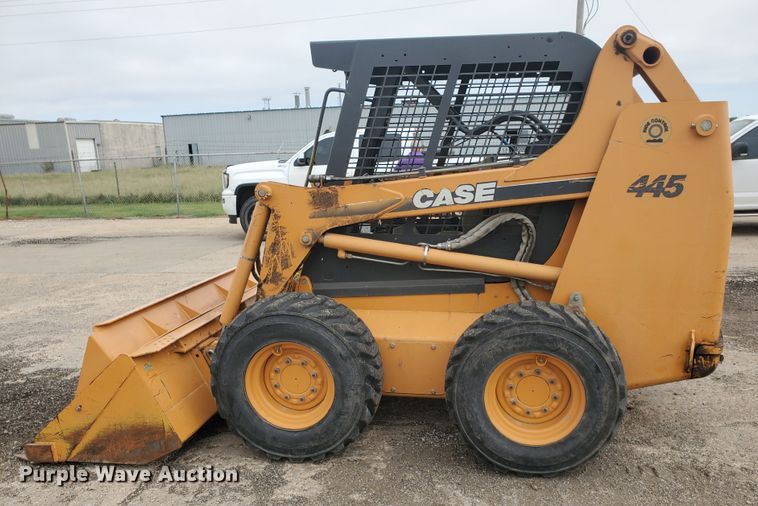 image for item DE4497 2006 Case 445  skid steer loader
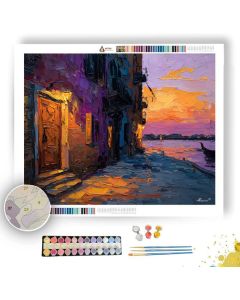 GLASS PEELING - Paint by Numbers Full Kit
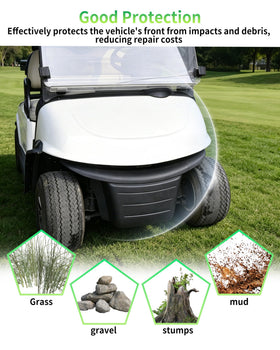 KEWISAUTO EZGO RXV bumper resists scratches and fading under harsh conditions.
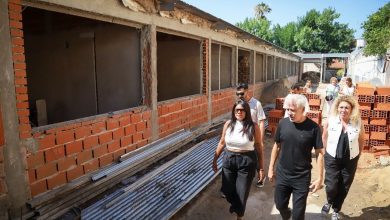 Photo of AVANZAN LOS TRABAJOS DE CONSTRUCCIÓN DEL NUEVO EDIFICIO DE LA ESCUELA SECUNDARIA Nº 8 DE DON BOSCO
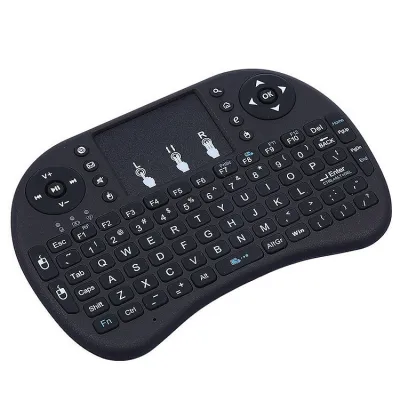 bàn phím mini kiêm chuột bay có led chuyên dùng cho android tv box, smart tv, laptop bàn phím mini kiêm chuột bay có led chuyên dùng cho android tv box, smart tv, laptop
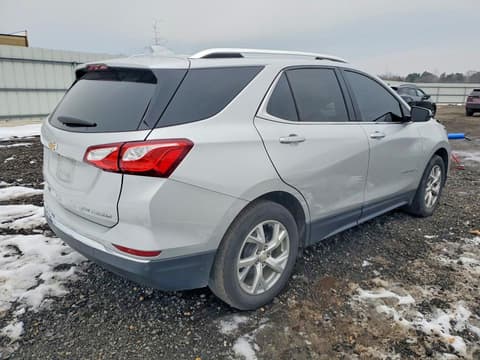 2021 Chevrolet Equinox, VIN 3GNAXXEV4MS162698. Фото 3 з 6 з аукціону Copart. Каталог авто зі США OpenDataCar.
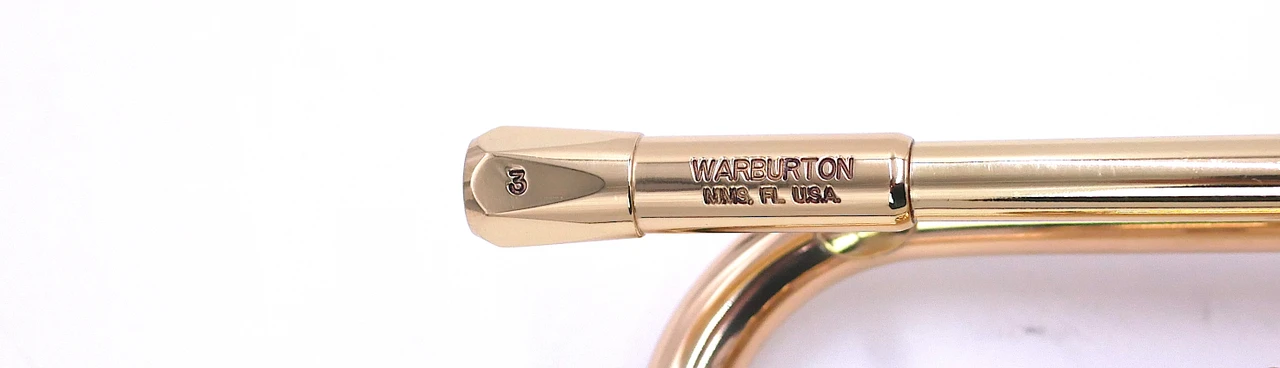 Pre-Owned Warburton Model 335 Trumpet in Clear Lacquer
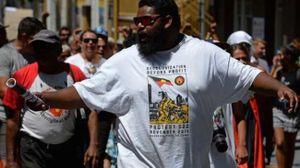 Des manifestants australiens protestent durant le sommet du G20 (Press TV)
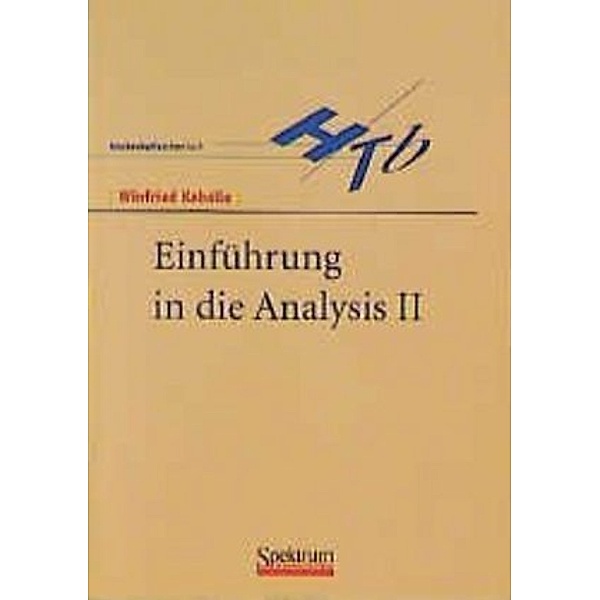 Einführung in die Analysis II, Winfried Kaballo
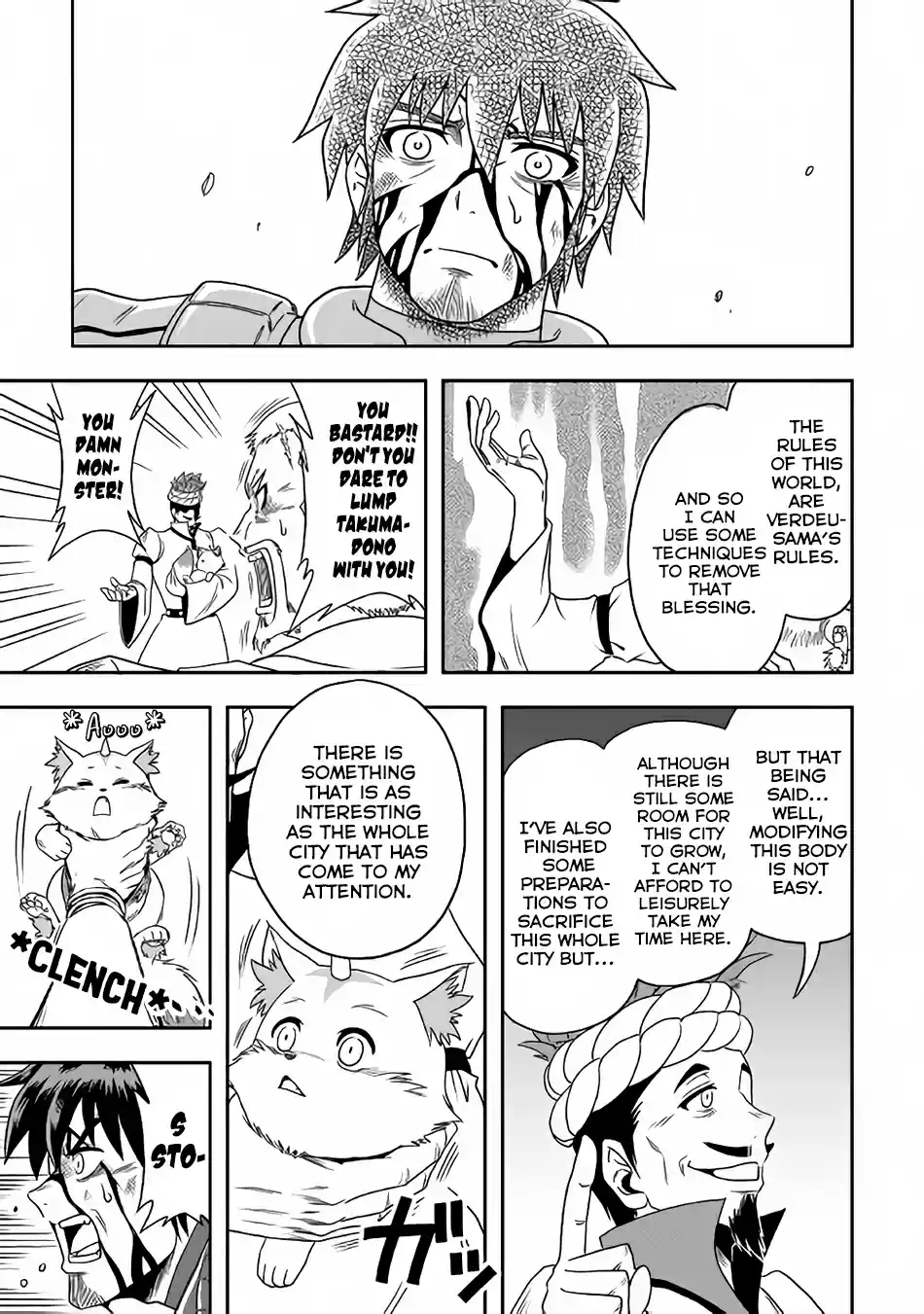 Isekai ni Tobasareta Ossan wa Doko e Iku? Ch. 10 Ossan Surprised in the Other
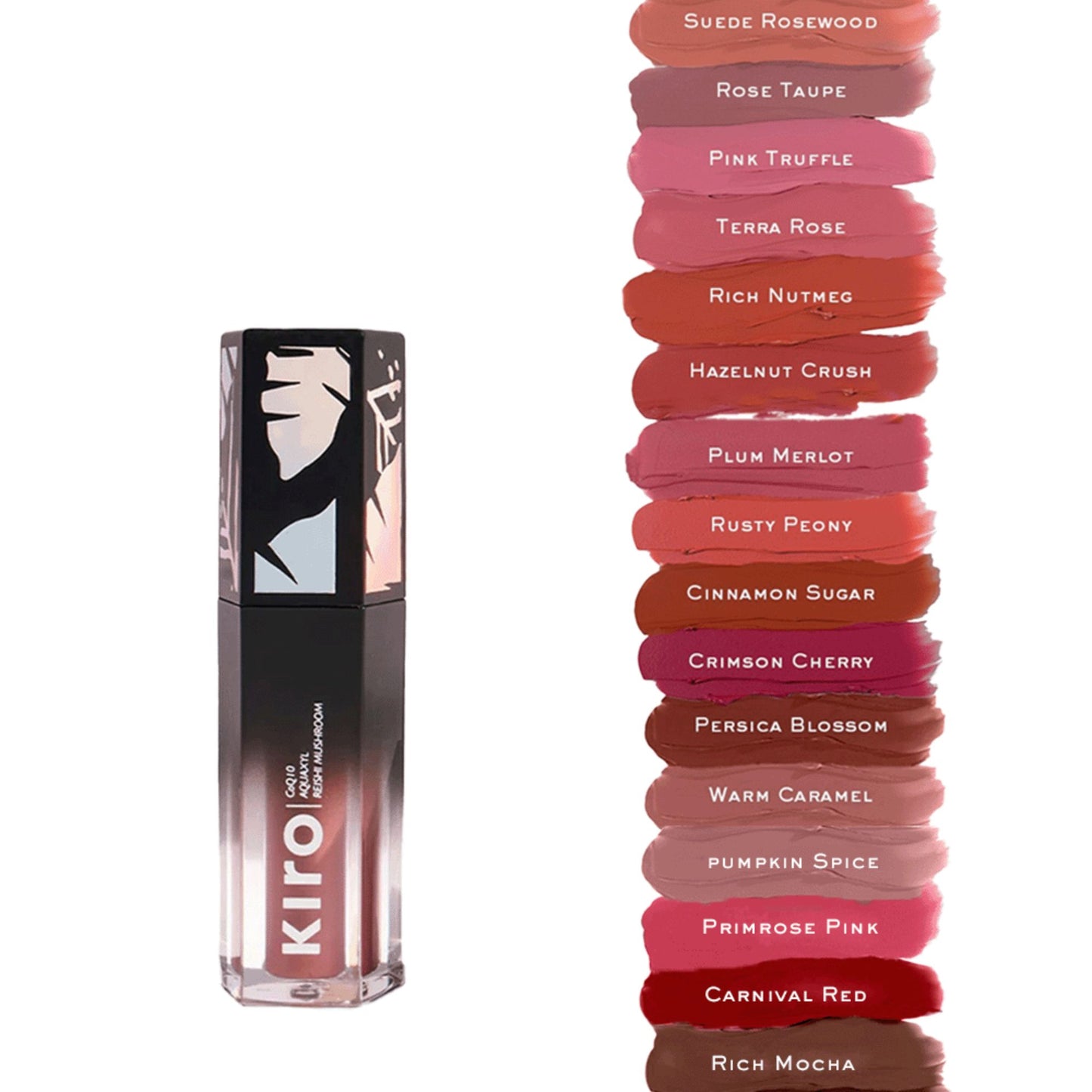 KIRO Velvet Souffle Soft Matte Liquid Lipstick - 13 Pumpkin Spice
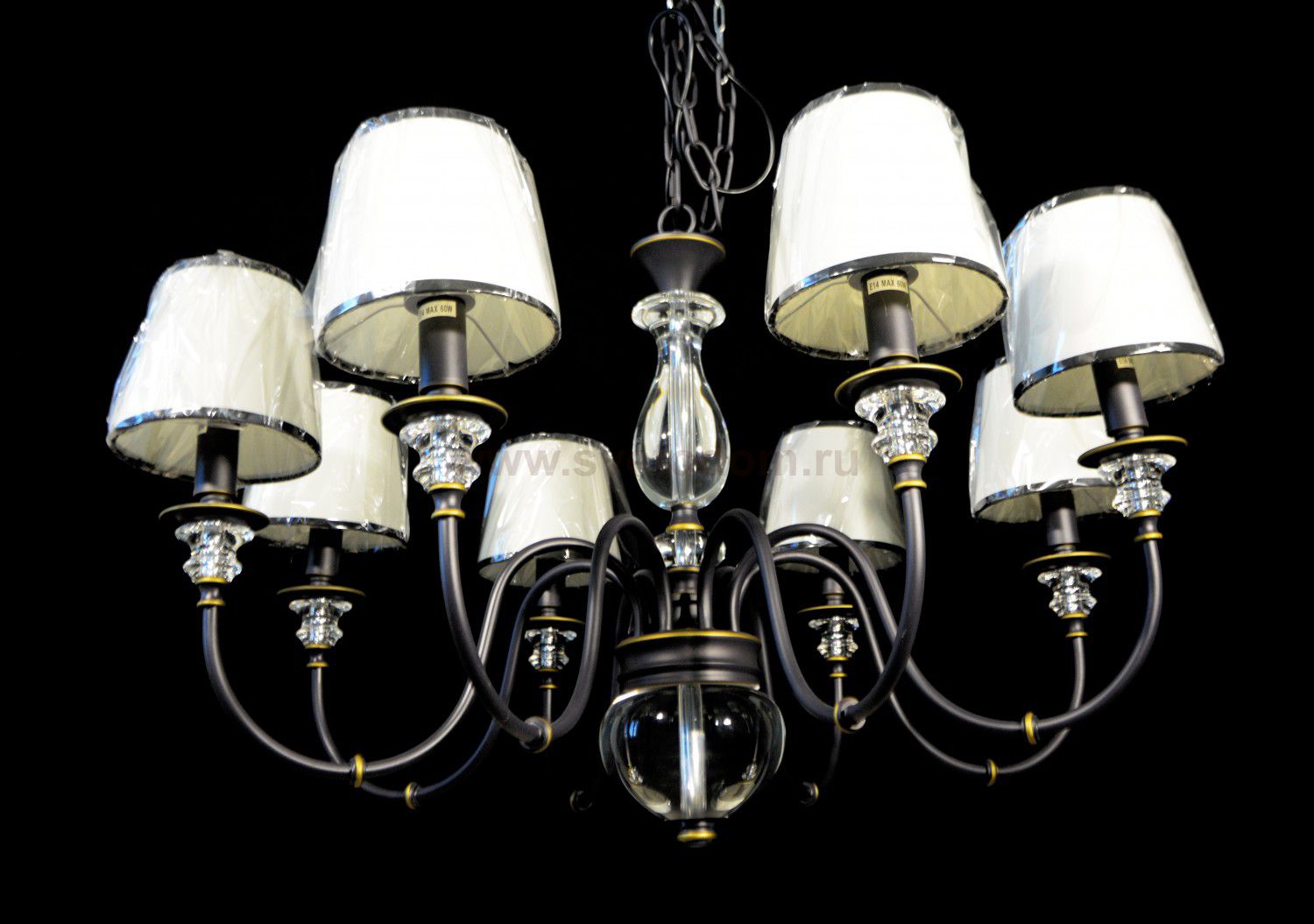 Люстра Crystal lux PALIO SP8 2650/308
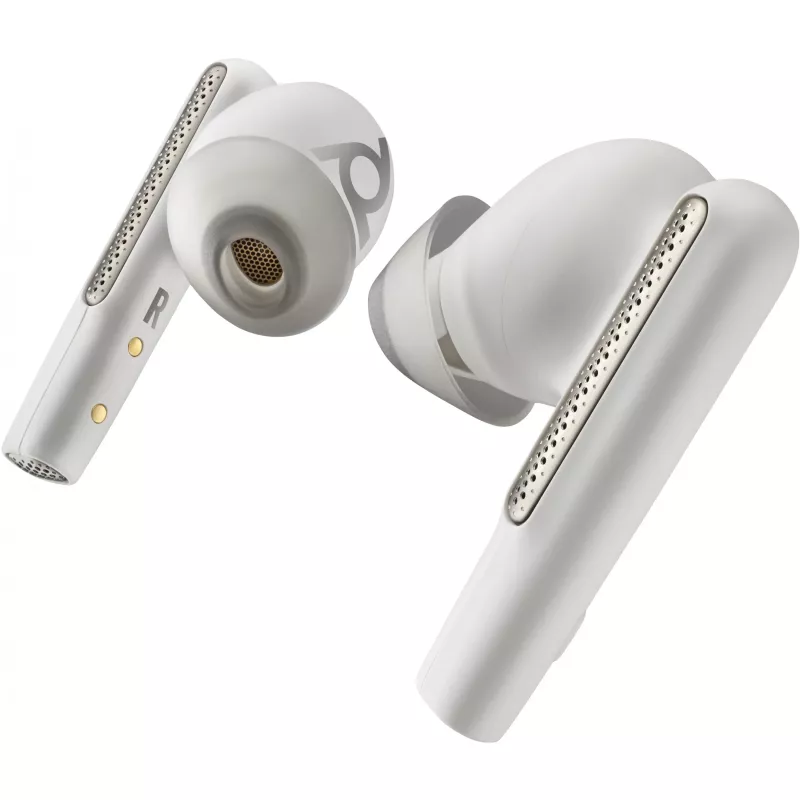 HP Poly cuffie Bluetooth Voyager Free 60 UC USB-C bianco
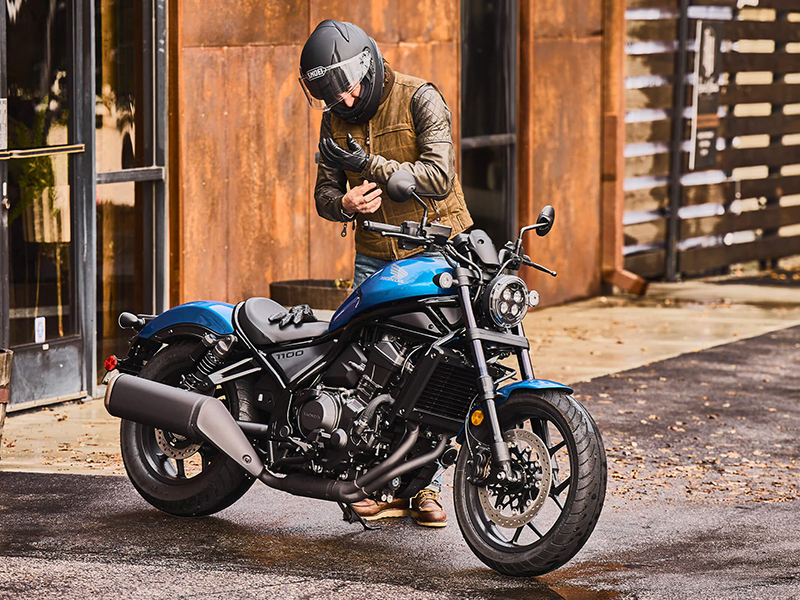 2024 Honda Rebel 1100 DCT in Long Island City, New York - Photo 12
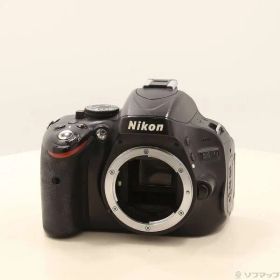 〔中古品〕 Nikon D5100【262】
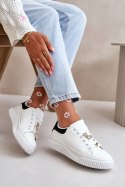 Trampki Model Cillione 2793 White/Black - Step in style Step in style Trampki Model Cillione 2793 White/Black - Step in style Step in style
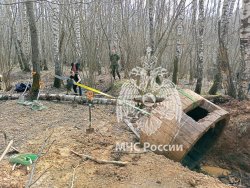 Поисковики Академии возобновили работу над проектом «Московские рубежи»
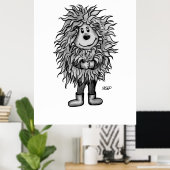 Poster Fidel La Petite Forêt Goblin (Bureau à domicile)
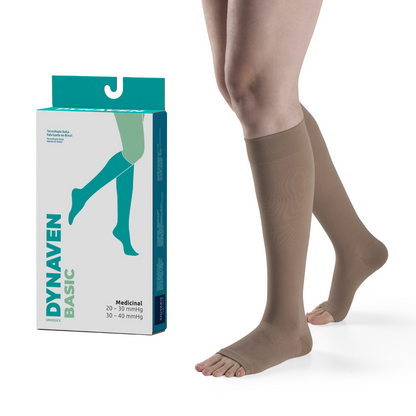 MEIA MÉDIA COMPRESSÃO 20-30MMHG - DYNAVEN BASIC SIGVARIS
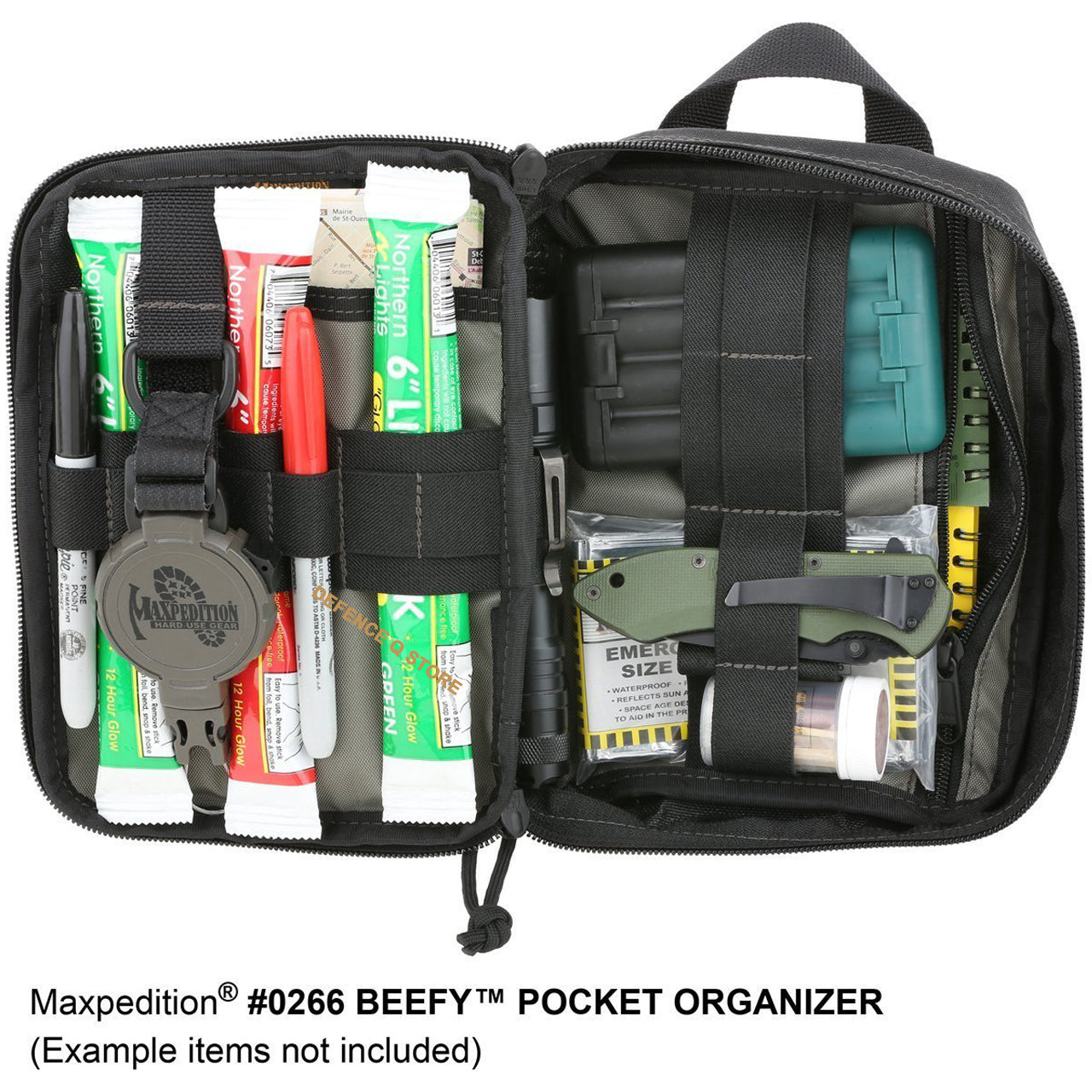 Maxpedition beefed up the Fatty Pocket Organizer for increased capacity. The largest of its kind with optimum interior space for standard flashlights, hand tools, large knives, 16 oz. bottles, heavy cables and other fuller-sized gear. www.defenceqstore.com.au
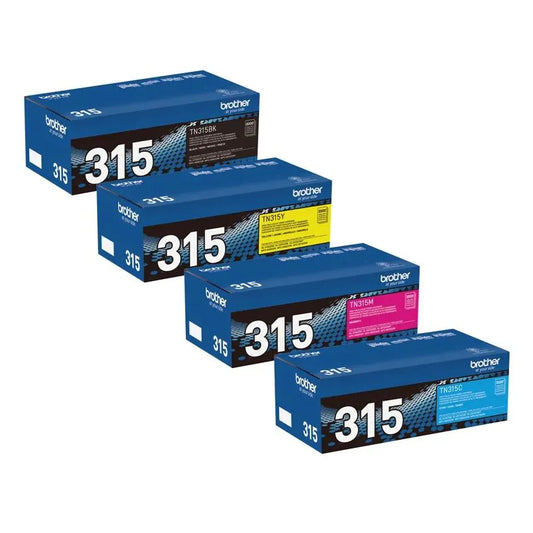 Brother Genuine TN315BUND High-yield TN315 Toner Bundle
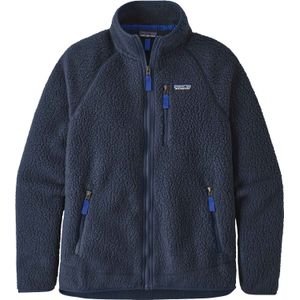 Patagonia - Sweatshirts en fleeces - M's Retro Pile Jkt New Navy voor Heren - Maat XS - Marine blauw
________________
=== WORK INSTRUCTIONS ===
In the entries above, find the line containing "HP Poly cuffie" and the line containing "in style Trampki", then copy both and every line between them exactly, without any picture.

=== ANSWER SPACE ===
 HP Poly cuffie Bluetooth Voyager Free 60 UC USB-C bianco
 2024 Honda Rebel 1100 DCT in Long Island City, New York - Photo 12
 〔中古品〕 Nikon D5100【262】
 Trampki Model Cillione 2793 White/Black - Step in style Step in style Trampki Model Cillione 2793 White/Black - Step in style Step in style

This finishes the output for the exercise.